Jozef Verschueren (1930)

Gepubliceerd op 04-02-2020

richten

betekenis & definitie

('richtən) (richtte, heeft gericht) [recht]

1. recht maken : messingdraad om er spelden van te maken.
2. in een rechte lijn brengen : een troep soldaten, gymnasten -; het kommando klonk : richt u! zich -, in het gelid gaan staan ; zich naar iemand, iets, de omstandigheden (in iets), er zich (in iets) naar regelen, schikken.
3. naar een zekere kant uit stellen, zetten : het schip is naar de uitgang van de haven gericht; de zeilen naar de wind (het geschut) ; het kanon, het vuur tegen de vijand ; evenwijdig, horizontaal, loodrecht, vertikaal gericht; zijn pijlen, wapenen op, tegen iemand, iets het oog op iets, ten hemel ; de fotografische toestellen worden op de voetbalspelers gericht ; de kruiser richtte zijn zoeklichten op de kust ; de magnetische kracht van de aarde richt de magneetnaald naar het noorden; spoorrails, het spoor -; zijn hoofd richtte zich naar de grond ; zich tot iemand -, zich naar hem wenden, toekeren, om hem aan te spreken.

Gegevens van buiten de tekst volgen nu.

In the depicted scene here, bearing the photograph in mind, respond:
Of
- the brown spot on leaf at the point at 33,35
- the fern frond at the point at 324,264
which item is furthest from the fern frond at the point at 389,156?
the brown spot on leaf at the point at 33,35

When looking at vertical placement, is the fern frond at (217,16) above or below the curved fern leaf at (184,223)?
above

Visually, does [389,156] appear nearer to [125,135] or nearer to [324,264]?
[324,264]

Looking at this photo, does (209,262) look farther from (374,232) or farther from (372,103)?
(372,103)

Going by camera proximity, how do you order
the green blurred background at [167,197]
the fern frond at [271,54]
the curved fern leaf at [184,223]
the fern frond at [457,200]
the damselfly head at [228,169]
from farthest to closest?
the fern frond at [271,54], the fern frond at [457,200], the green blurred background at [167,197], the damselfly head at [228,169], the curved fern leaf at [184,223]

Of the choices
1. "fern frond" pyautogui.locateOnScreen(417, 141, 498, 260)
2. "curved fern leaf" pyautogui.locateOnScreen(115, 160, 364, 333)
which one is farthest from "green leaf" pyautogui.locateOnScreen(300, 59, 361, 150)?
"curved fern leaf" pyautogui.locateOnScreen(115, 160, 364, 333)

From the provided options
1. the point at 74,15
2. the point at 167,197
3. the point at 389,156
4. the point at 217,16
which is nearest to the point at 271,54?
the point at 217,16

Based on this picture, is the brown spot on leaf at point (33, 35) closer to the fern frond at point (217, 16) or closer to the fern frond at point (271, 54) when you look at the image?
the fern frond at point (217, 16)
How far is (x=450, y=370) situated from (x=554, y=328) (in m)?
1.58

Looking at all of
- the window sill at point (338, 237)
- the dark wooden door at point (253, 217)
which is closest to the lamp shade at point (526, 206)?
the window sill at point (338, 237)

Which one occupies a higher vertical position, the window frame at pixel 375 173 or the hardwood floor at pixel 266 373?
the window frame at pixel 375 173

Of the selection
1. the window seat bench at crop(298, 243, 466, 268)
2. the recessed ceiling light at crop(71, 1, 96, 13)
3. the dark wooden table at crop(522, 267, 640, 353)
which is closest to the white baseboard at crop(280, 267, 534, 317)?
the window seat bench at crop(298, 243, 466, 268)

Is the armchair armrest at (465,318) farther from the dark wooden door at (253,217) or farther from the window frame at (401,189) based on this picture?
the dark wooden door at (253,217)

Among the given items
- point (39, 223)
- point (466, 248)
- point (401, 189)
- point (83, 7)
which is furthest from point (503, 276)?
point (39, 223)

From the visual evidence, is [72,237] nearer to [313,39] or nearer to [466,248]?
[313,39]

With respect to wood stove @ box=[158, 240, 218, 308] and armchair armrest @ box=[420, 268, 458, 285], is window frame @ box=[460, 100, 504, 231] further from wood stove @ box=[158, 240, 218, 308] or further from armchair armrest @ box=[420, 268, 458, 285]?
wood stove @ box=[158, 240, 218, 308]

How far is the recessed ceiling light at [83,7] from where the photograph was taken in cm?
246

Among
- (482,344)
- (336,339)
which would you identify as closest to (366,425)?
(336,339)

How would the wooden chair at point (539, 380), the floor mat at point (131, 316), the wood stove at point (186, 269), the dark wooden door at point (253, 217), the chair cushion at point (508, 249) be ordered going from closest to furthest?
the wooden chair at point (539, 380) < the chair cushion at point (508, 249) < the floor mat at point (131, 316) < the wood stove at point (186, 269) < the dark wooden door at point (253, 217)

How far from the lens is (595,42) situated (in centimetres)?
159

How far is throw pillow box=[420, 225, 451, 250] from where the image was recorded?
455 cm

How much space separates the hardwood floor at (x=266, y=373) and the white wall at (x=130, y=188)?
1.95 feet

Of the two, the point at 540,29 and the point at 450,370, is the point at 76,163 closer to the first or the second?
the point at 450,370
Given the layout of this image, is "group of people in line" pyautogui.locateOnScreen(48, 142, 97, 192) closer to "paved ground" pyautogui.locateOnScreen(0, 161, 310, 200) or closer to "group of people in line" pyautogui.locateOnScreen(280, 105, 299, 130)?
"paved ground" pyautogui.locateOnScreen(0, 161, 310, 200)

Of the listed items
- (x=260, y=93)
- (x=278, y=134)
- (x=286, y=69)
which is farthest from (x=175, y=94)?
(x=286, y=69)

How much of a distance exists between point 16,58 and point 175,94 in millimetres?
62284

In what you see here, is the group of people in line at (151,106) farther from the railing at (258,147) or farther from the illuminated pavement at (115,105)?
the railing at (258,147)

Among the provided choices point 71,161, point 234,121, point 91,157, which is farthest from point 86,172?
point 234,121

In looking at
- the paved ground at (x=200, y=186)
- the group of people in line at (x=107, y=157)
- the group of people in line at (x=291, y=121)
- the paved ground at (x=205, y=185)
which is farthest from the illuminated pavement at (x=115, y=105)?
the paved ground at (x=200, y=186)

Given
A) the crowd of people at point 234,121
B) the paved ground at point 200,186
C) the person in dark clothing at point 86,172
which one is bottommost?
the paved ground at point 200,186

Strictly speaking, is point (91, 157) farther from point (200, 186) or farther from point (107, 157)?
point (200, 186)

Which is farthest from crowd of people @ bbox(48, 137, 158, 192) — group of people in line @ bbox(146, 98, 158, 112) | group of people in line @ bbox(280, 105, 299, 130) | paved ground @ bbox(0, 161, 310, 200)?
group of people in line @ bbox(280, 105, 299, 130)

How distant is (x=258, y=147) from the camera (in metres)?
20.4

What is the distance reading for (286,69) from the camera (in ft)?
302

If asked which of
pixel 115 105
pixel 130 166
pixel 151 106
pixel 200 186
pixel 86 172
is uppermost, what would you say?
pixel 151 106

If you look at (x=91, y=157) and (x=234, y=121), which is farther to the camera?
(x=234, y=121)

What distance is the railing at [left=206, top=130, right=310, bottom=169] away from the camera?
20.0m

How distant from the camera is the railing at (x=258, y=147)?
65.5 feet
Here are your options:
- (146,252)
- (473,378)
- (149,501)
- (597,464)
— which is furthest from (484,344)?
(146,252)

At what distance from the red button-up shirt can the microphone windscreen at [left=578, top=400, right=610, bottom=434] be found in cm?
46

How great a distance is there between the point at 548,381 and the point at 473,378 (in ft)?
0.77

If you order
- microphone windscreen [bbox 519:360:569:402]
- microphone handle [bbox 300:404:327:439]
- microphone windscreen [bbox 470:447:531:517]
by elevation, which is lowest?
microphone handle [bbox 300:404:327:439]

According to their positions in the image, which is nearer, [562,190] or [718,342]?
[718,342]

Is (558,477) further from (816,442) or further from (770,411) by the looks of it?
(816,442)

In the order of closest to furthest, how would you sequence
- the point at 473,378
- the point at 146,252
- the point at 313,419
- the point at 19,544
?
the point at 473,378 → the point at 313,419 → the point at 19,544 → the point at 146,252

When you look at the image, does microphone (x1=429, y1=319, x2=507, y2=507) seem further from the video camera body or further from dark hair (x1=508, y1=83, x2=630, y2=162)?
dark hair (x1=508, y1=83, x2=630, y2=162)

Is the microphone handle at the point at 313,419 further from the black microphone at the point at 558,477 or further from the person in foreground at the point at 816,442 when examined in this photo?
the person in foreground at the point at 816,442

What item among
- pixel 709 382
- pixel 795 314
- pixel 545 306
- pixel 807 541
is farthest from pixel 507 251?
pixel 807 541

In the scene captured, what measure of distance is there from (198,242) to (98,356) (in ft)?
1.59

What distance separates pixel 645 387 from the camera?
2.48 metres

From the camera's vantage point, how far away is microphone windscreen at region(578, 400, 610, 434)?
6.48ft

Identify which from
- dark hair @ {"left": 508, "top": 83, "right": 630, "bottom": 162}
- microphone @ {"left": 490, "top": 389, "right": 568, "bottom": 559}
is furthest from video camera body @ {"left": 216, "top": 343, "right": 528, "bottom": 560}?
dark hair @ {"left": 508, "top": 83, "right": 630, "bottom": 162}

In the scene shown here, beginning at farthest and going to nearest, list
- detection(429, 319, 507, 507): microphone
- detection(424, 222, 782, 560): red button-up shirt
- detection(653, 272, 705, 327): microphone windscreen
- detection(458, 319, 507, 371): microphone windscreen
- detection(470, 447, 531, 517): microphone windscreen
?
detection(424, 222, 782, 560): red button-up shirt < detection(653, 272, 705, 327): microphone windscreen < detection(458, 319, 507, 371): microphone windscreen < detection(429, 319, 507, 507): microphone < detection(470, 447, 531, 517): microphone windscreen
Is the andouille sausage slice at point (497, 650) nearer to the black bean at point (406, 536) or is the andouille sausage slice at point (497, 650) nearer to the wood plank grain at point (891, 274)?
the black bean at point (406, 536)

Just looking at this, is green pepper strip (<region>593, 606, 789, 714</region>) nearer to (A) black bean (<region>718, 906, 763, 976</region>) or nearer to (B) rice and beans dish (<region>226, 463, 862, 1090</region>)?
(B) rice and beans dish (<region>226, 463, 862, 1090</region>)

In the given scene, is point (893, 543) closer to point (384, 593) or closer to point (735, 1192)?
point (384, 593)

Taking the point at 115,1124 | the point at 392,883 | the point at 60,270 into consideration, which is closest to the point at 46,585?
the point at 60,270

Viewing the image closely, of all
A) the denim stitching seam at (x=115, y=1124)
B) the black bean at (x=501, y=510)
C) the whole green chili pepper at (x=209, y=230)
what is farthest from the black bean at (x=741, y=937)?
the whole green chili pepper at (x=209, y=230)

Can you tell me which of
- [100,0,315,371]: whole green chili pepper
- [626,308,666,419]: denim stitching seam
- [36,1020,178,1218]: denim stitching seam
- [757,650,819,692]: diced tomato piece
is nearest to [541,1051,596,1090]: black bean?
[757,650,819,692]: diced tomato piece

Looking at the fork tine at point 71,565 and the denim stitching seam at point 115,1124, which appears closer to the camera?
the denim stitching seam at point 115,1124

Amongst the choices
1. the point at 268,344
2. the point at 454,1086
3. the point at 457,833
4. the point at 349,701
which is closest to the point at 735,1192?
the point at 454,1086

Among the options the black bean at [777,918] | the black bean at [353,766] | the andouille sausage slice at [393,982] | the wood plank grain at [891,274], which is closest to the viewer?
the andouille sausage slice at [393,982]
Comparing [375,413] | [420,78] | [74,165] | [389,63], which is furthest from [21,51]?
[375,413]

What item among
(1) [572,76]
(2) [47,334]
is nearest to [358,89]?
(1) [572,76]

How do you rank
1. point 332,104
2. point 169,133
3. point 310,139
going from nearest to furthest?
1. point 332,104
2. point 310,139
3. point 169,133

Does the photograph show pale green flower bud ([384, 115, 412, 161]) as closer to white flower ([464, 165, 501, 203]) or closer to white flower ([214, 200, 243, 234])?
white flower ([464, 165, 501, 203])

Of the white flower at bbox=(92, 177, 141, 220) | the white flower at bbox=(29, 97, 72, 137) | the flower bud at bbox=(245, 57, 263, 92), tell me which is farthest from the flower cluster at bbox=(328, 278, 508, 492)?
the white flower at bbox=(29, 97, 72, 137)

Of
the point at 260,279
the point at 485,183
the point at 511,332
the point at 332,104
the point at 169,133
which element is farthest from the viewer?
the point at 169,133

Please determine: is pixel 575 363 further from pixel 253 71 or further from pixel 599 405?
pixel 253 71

Syn. → aanleggen.
4. een zekere kant uit doen gaan : de, zijn gang, koers ergens heen -; een naar boven gerichte beweging ; troepen op een stad ; de prijs richt zich naar vraag en aanbod; zich ergens heen -, erheen gaan ; zich tot iemand -, zich tot hem wenden inz. om iets te verkrijgen. → schrede, steven.
5. sturen, zenden : een schrijven, aan, tot iemand -; een vraag aan, tot iemand -; ernstige vertogen werden er niet tegen gericht; een gebed tot God -; uw lofspraak richt zich tot de maker; gericht aan, tot iemand, aan zijn adres, voor hem bestemd. → woord.
6. besturen, leiden : iemands doen en laten, iemands gang(en) -.
7. vestigen : zijn aandacht, gedachten, opmerkzaamheid op iets -; zijn gedachten zich te veel daarop -.
8. doen gaan, aansturen : zijn handelingen, pogingen op iets -; zijn streven is meer gericht op zijn eigen voordeel dan op dat van de staat; naar dat doel is zijn politiek gericht; te gronde -; gericht zijn tegen iemand, iets, er vijandig tegenover staan, ertegen gekant zijn.
9. Veroud. recht doen.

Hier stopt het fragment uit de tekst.